House lawmaker favors more funding for proven missile defenses

Armed Services subcommittee chairwoman said she wants the money invested in several programs that can defeat immediate threats facing the United States and allies.

House Armed Services Strategic Forces Subcommittee Chairwoman Ellen Tauscher, D-Calif., Tuesday encouraged the Obama administration to give testing and proven missile defenses a higher priority for funding than the pursuit of more futuristic programs.

During an interview, Tauscher said the United States has "overinvested in a long-term system," the Ground-Based Midcourse Defense system, which is aimed at defeating long-range ballistic missile threats but has had intercept-testing issues.

Instead, Tauscher said she wants the money invested in several programs that can defeat immediate threats facing the United States and allies.

"I would predict that the Obama administration is probably going to get the top-line number right and whatever that number is, we'll have to see," Tauscher said. "The question is ... the innards. It's the investment policy that we have. It's making sure that [the Missile Defense Agency] is accountable in a way that provides systems that are deliverable to the services."

Tauscher stressed that the military needs additional Patriot PAC-3 missiles, as well as more of the Navy's Aegis-based system and the Army's Terminal High Altitude Area Defense -- areas her subcommittee has worked to boost funding for in the last two years.

She also said she would like to see the military develop a ground-based Aegis system, which provides a last line of defense for a missile attack. "I think you are going to be seeing that soon," she added.

The Pentagon is expected to send a general budget outline to Capitol Hill in the next few weeks, but detailed funding requests will not be ready until late March or April as the administration weighs its defense spending priorities.
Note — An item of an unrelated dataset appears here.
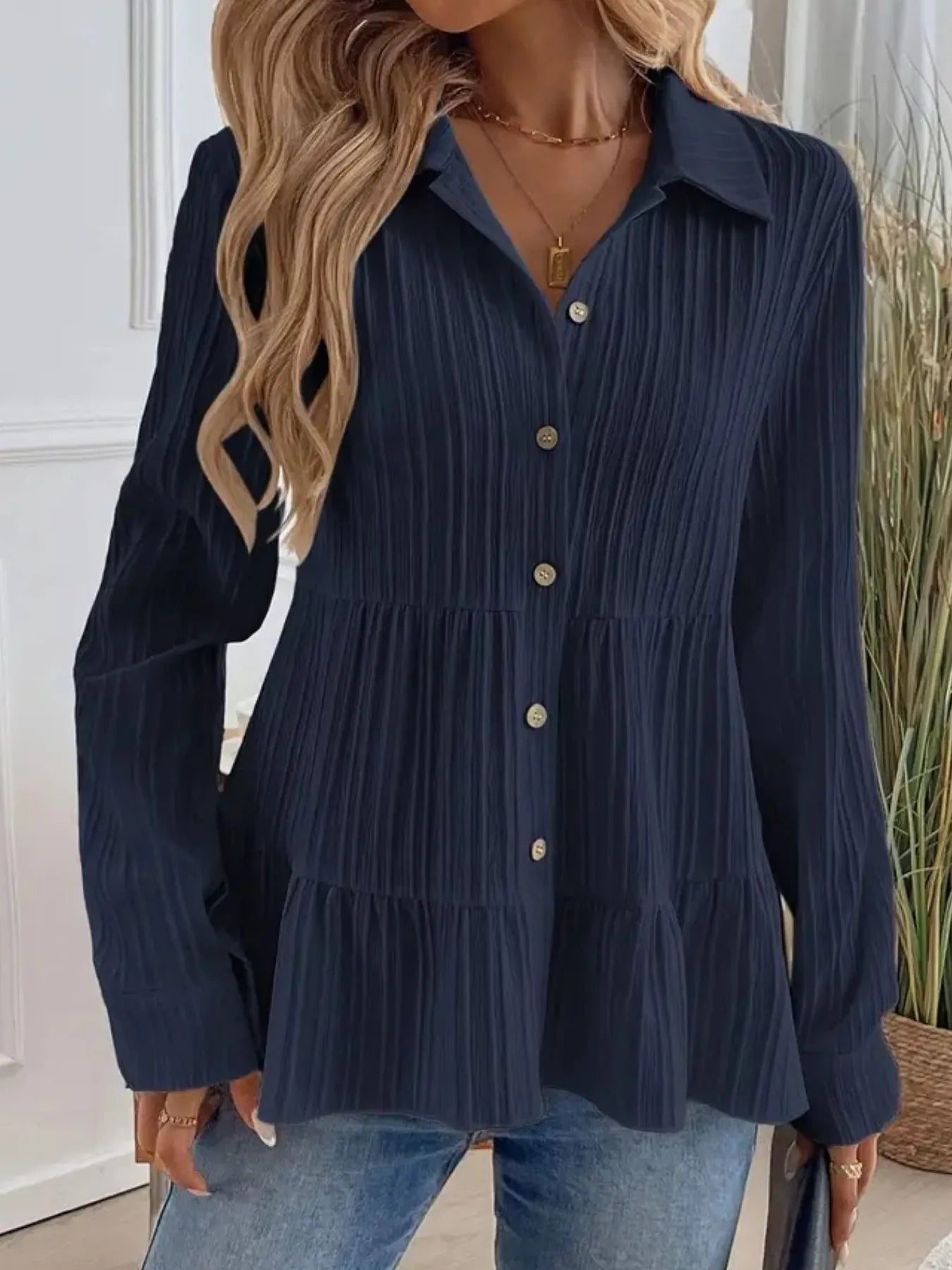 Striped Button-Down Tiered Shirt -  Be Bliss Boutique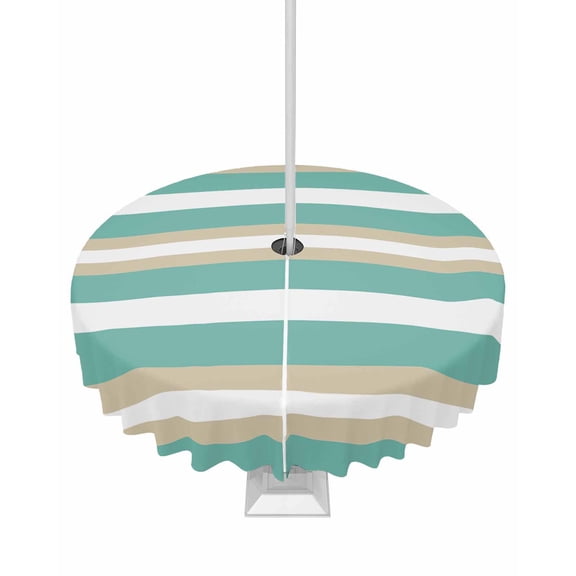 Hokiten Outdoor Tablecloths with Umbrella Hole & Zipper, Turquoise Khaki Striped Round Tablecloths 60 Inch, Modern Minimalism Abstract Art Waterproof Table Cloth, Patio/Pool/Picnic Table Covers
Aside from individual programs, Tauscher said that she wants to continue to ensure that MDA is "unambiguously accountable" and money within the missile defense program is being spent wisely.

Last year, the fiscal 2009 defense authorization bill included several new checks on MDA, which Tauscher and other lawmakers believed had too little oversight for an agency that manages up to $10 billion in programs a year.

Among the new requirements is an annual review of the missile defense program by the Pentagon's director of operational test and evaluation.

No longer is MDA an agency where "we have a lot of good science and a lot of good technology to show for it, but very little delivered to the war-fighter -- which is, by the way, the bottom line," Tauscher said.